Three weeks ago, I was scratching my head over why Sylvie had not yet launched into reading. She has spent over a year teetering on the cusp, and if you asked me, I would have even said she WAS reading. But still, she had not begun reading box labels, street signs, or anything, really, that I had not put into her hands and said, "Read!"
Three weeks ago, I was thinking about my sister who kind of wonders if she herself might have some sort of learning/reading disability. I was wondering if Sylvie might have similar issues.

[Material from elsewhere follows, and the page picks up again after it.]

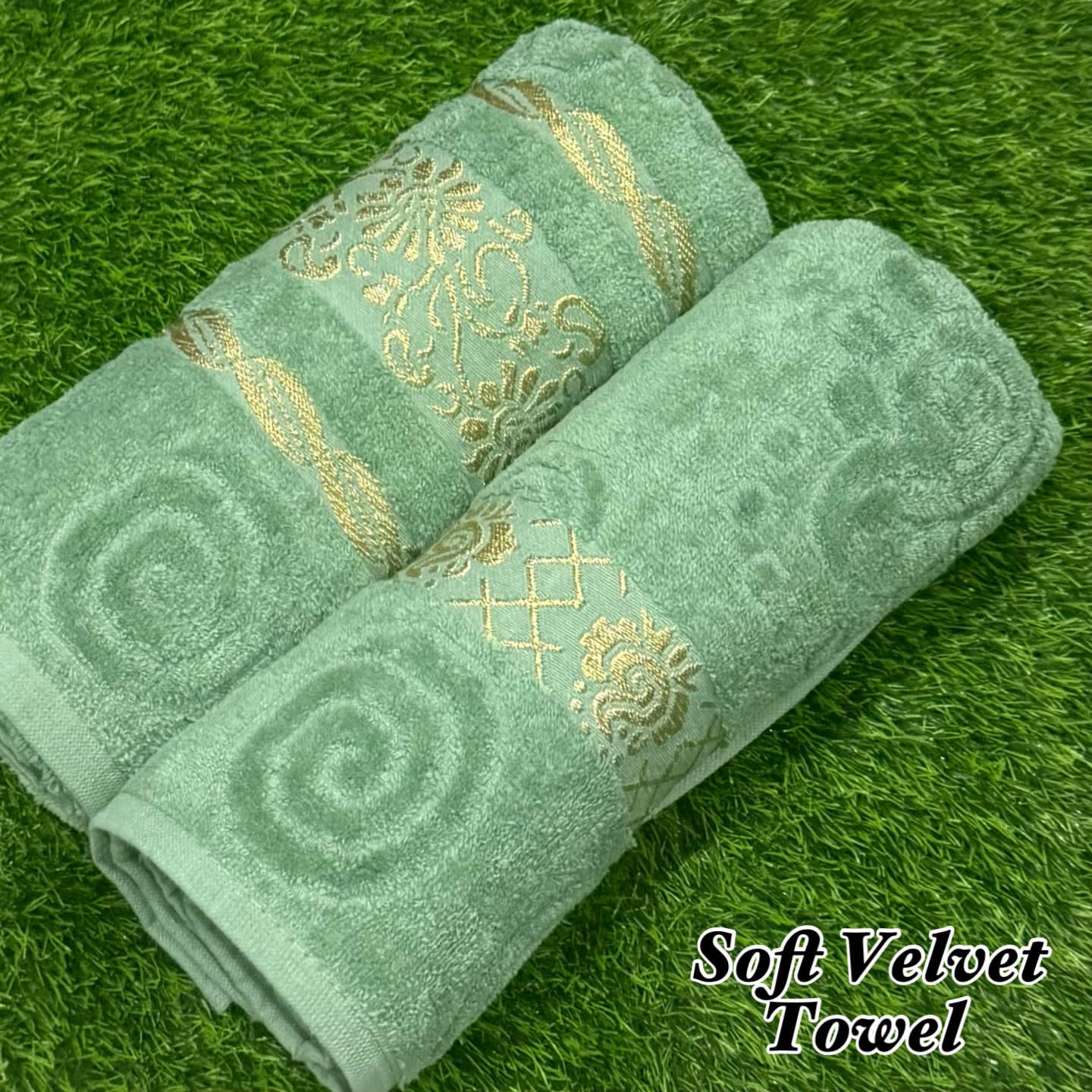 2Pcs Soft Velvet Bathroom Towel Pair – Ultra Absorbent & Premium Quality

I was reminding myself that I actually logically believe that anything before nine is completely normal for learning to read, and that my personal freak out point is 13. I was remembering that Ezra was just a little more than 8 when he started reading, Phaedra was pretty close to 7.5, and Sylvie is only now 7.75 years old.
Three weeks ago, Sylvie was definitely better able to read than a year ago. She could labor her way through a page of Peter and Polly, but she was ready for me to take over. She could read a chapter from the Frances books as long as I was willing to help on words she might get stuck on; for example, three pages into the story, she might suddenly forget what AND spells.
Last week, Jason and I were cooking dinner, and I heard Sylvie giggling in the living room. I glanced up to see her reading Ivy and Bean, a book she had declared far too difficult three days before. Now, she was CHOOSING to read it, and following the story well enough to giggle over it. Today, she was reading a book on puppy care and giving me a thorough report on all the things we do wrong with our dogs. In fact, she sat beside me while I sewed so she could more easily read the pertinent paragraphs aloud. She now reads street signs and she reads over my shoulder. She reads the spines of the books while we sit at the table and she reads warning labels.
Now, I am once again amazed at how reading comes. She is the first one I have tried more actively to teach to read. And I am once again convinced that reading is something we make room for, maybe facilitate. I'm pretty sure we do not get to take credit for "teaching" it, any more than I take credit for teaching these three to talk.